第2章

第13話

 アツが異能に目覚めたのは、まだ幼き日だった。

 身の内に生まれた異能は、それが何であり、どのように用いるのかをアツに教えてくれた。呼吸をすることに訓練が必要ないように、異能者は自らの異能を意のままに操ることができる。それは当時四歳だったアツも例外ではなく、自分が得た力の如何を理解してしまった。

 その気になれば岩を破砕し、大木を容易く薙ぎ倒すほどの力。


 だがアツは、その力を他言せず自身の中に隠した。

 彼女は聡明だった。世間は異能者を受け入れない。その存在を認識させまいとする何らかの力が働いていることを察していた。

 彼女の育った環境が影響していたのかもしれない。出生間もなく事故で両親を亡くした彼女は、親戚に引き取られることもなく、養護施設で育つことになった。彼女のいた施設は決して明るい施設ではなく、共に育つ子ども達との交流もほとんどないも同然。異能に目覚めたアツはさらに周囲と距離を置くようになり、友人と呼べる子どもは一人としていなかった。


 それは小学校入学後も同じだった。同学年の児童達に比べて精神的に成熟ないし逸脱していたアツが、クラスメイトと対等に付き合えるはずもない。アツの態度は時に周囲の反感を買うこともあったが、彼女は向けられる悪意を歯牙にもかけなかった。それどころか彼女が持つ異様に大人びた雰囲気は、いつしか周囲から距離を置かれる要因になっていた。


 アツは、孤独だった。自身が選んだ結果とはいえ。

 こんな人生など望んでいなかった。家庭環境に恵まれず、奇妙な力を得てしまったがために誰とも解り合えない。


 積もる不満を晴らすために、深夜に施設を抜け出しては思うがままに異能の力を振るうのが日課となっていた。

 アツの中に眠る力は、紫電と雷光に姿を変えて迸る。雷光を纏った肉体は強靭になり、人間とは思えぬ強度と身体能力を得る。それは、幼い少女が持つには余りにも強大な力であった。
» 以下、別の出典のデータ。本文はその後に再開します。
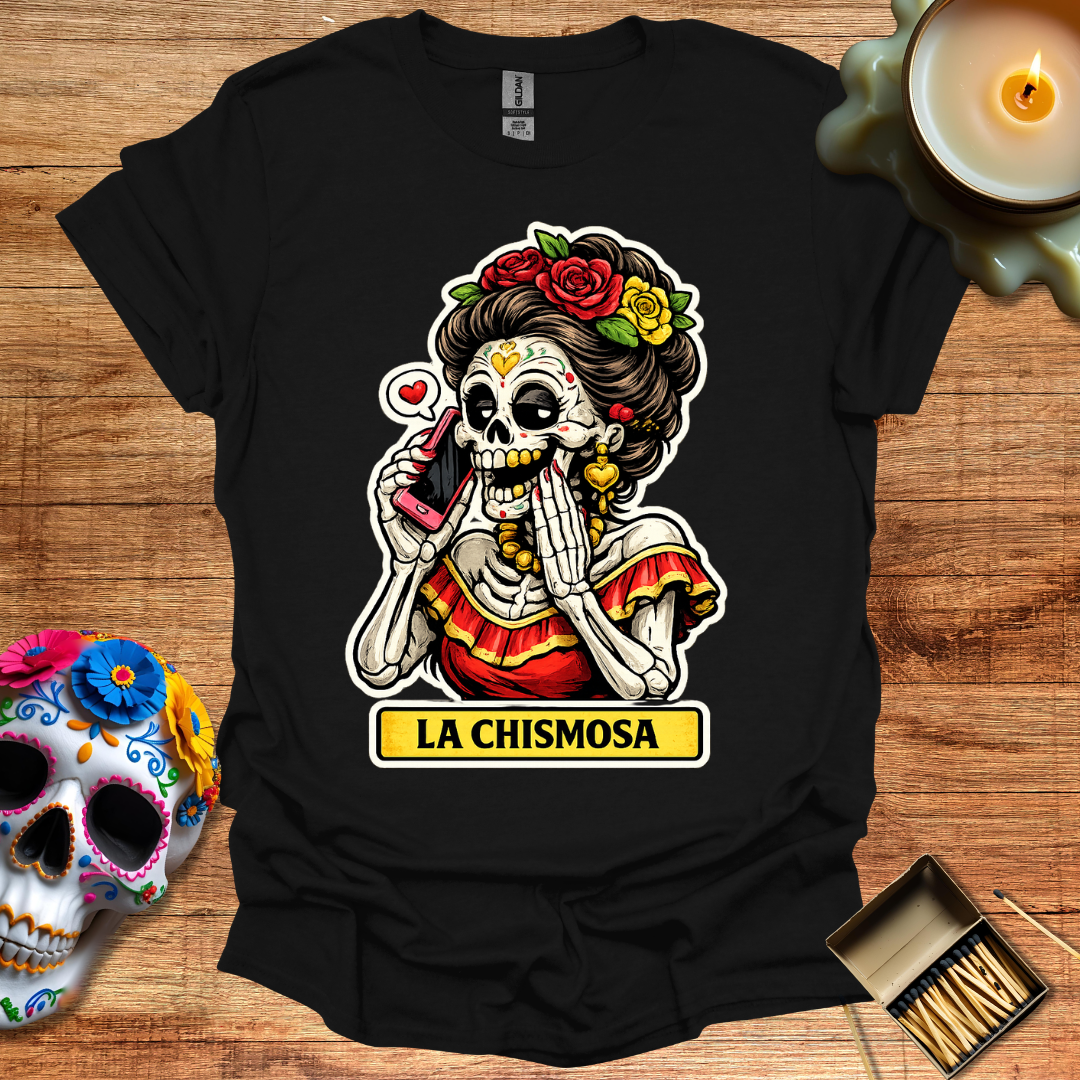 La Chismosa – Lotería Hasta Los Huesos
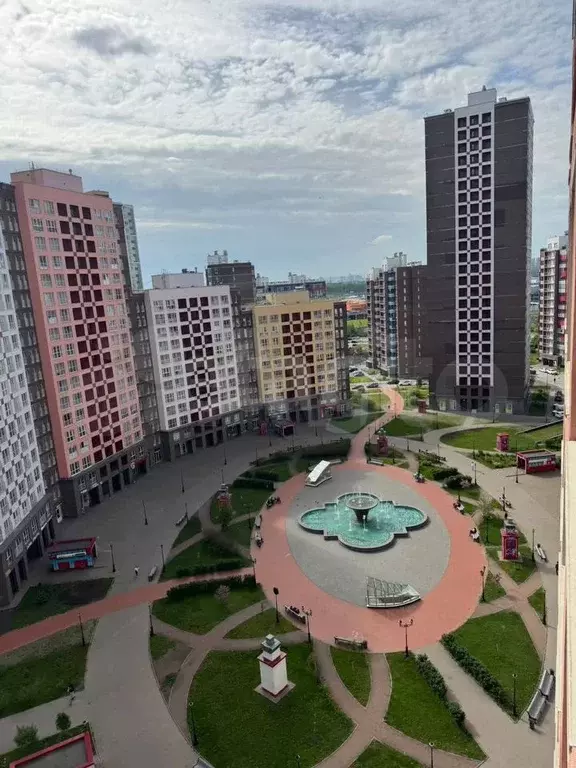 Квартира-студия, 27 м, 13/25 эт. - Фото 1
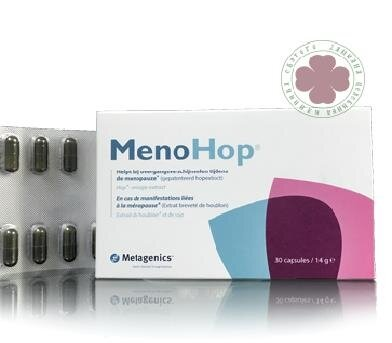 МеноХоп Metagenics MenoHop капсули №30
 ただ、その力を開放している時だけは、ありのまま、歳相応の自分であれた気がした。


 そんな小学校生活を続けて一年あまりが過ぎた頃、アツの人生に転機が訪れる。

 その日もアツは、施設を抜け出していた。施設から徒歩数十分の場所に、老朽化によって閉鎖された武道館がある。アツのお気に入りの場所だ。ここならば人目を気にすることなく、存分に異能の力を振るうことができた。

 壁に空いた人一人が通れるほどの穴から、武道館に忍び込む。この穴はアツが殴り空けたものだ。分厚いコンクリートで覆われた壁だったが、雷光を帯びた拳はいとも容易くそれをぶち破った。


 建物で最も広い屋内競技場。囲む観客席に人はなく、落とされた照明は広い暗闇を作り出していた。アツの身体から迸る雷光が、競技場を明るく照らす。

 誰もいない競技場で、今夜も一人猛り舞う。そのつもりだった。

 アツが競技場に入って感じたのは気配だった。紛れもない人間の、しかし異質な気配。

 先客だ。

 この時アツが覚えたのは、自分の領域を侵されたことに対する不快感だった。


「こんばんは」


 競技場の隅々に響き渡る声で、先客は一言の挨拶を述べる。

 白い長衣と、長く煌めく金髪。全身から白い燐光を放つその姿は、まるで神話に描かれる女神が如く。

 いくつか年上に見える目の前の少女に、アツは自分に宿る力と同質のものを感じ取った。


 異能者だ。


 アツの胸に去来した想いは、本人にも度し難いものだった。嬉しかったのかもしれないし、悔しかったのかもしれない。激昂していたようにも、感激していたようにも思える。

 アツの中に満ちて、混ざり合い、行き場を失った強い感情は、迸る蒼き雷光となって解き放たれた。出会えた異能者に自分の全てをぶつけんと、身体が自ずと動いた。


 生まれて初めて、心から笑えていることを自覚した。

 白い燐光は女神の抱擁が如く、猛々しい雷光を受け止める。

 アツとウェンディの出会いは、激しい光の中で果たされた。